Durante la fiesta de cumpleaños de mi nuera, mi hijo anunció: “la próxima semana, todos vamos a costa del sol.” todos aplaudieron felices. yo pregunté: “¿a qué hora salimos?” mi nuera respondió: “usted no va. ni está en la lista.” lo que dije después… nadie lo podía creer.

En la densa oscuridad, los recuerdos cubiertos de polvo volvieron de repente, tan claros como una película en cámara lenta.

Hoy recordé treinta años atrás, ese día cuando mi esposo murió en un accidente de trabajo, dejándome viuda en medio de la vida con un hijo pequeño. Mateo era entonces solo un niño flaco con grandes ojos inocentes.

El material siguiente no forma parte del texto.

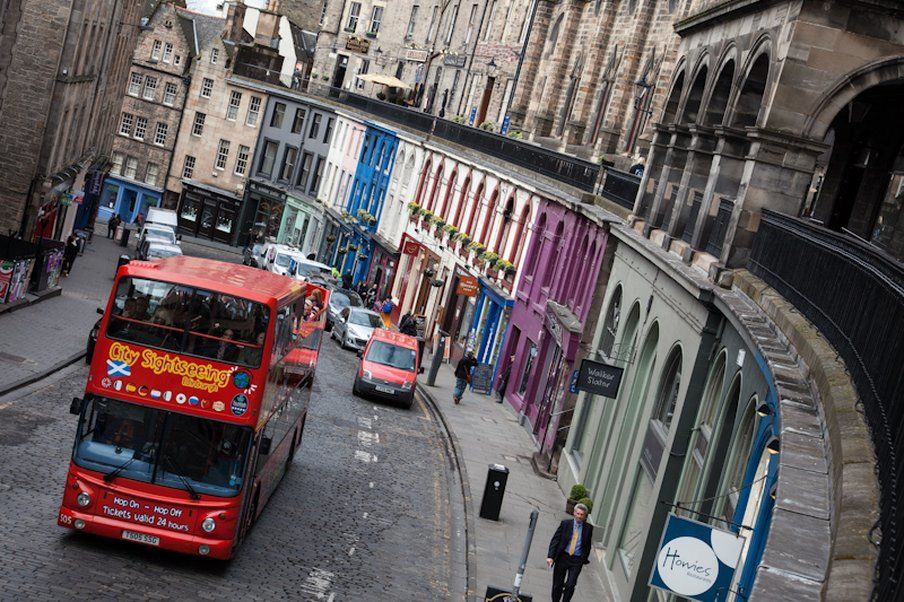 St Christophers Inns Edinburgh Hostel Exterior photo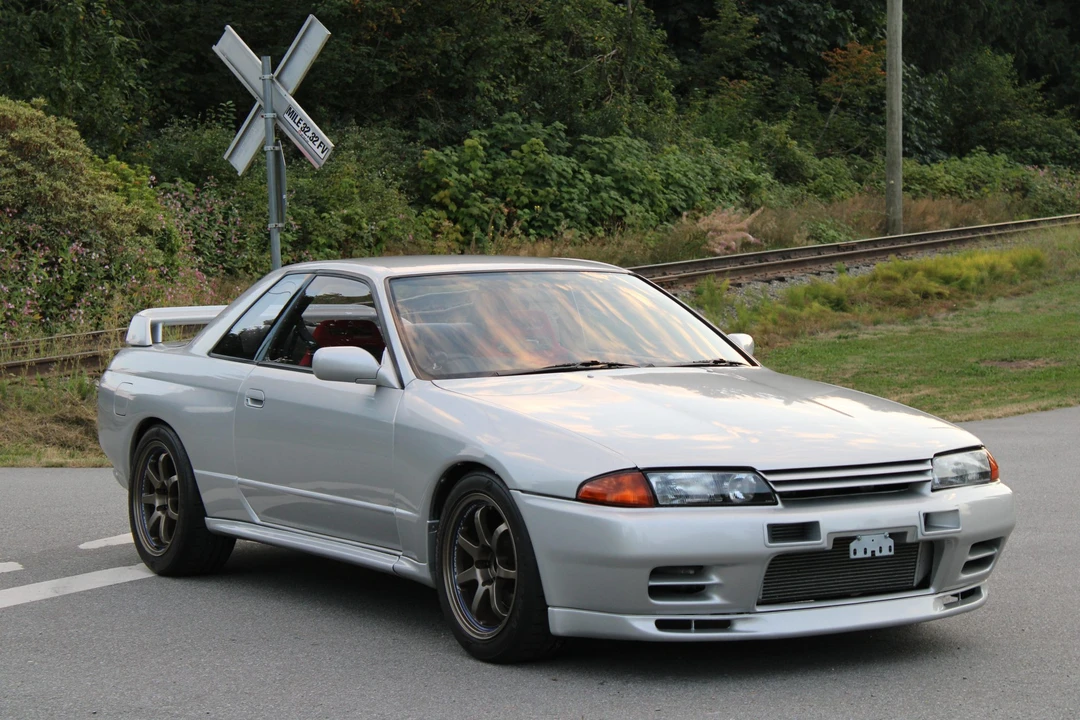 1990 Nissan R32 Skyline 8th Gen - Image 4 of 31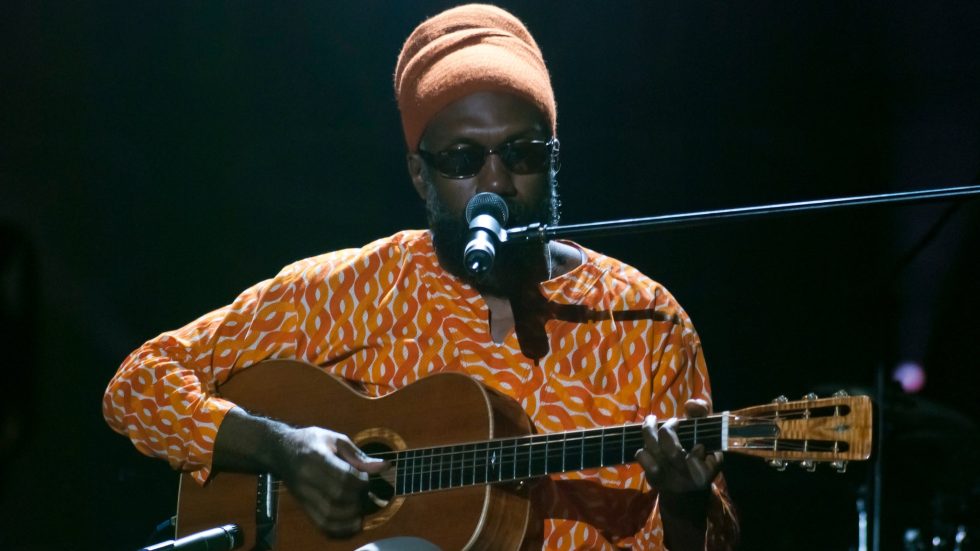 Corey Harris and Cedric Watson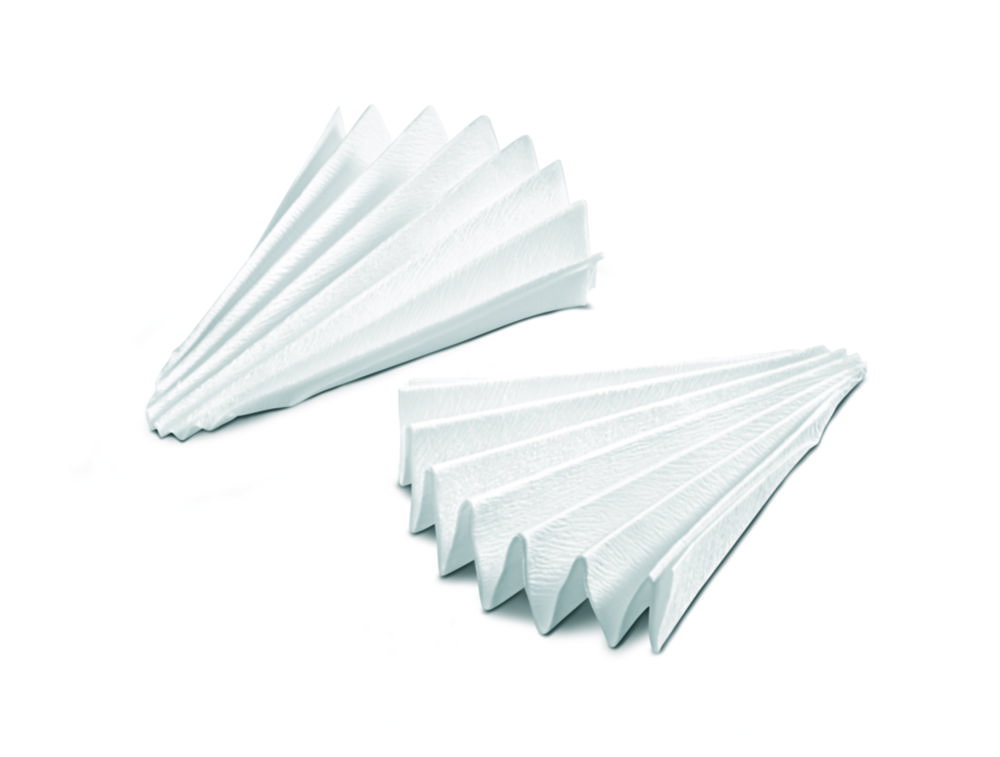Pleated filter 6, 110 mm PU=100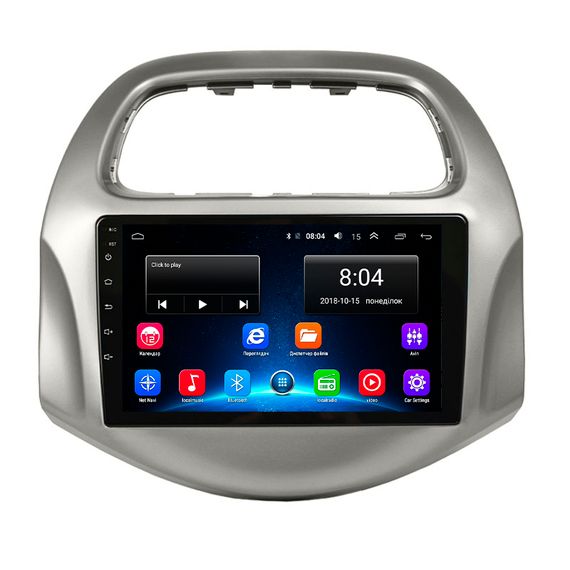 Штатна магнітола Lesko для Chevrolet Spark III (M300) Рестайлинг 2020-н.в.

Para ganar dinero y criar a mi hijo, tenía que levantarme a las tres de la mañana todos los días. En la estrecha cocina llena de humo, mis manos amasaban cientos de kilos de masa de maíz, envolviendo cada tamal en hojas de plátano verdes. Recuerdo las noches de invierno heladas hasta los huesos cuando Mateo se despertaba, corría a la cocina y me abrazaba por la espalda. Apoyaba su cabeza en mi espalda y susurraba:

—Mamá, cuando sea grande trabajaré muy duro. Te protegeré toda la vida. No dejaré que sufras así.

Esa promesa de mi hijo la grabé en mi corazón. Fue el fuego que calentó mi alma durante los años más difíciles. Le creí. Le creí con toda mi vida. Pero, ay, las palabras se las lleva el viento.

La tragedia de mi vida no comenzó con la pobreza, sino el día que Mateo trajo a Camila a casa para presentarla. Camila, una chica de un barrio obrero pobre, pero cuyos ojos brillaban con una loca llama de ambición. Anhelaba la vida de lujos que nunca había tenido.

Mateo, mi ingenuo hijo, se enamoró perdidamente de ella. El día que se casaron, por amor a mi hijo, para que se sintiera orgulloso frente a la familia de ella, tomé la peor decisión de mi vida. Vendí mi panadería y la vieja casa donde guardaba tantos recuerdos de mi esposo y yo. Junté todos mis ahorros de jubilación y compré la mansión actual en el barrio rico.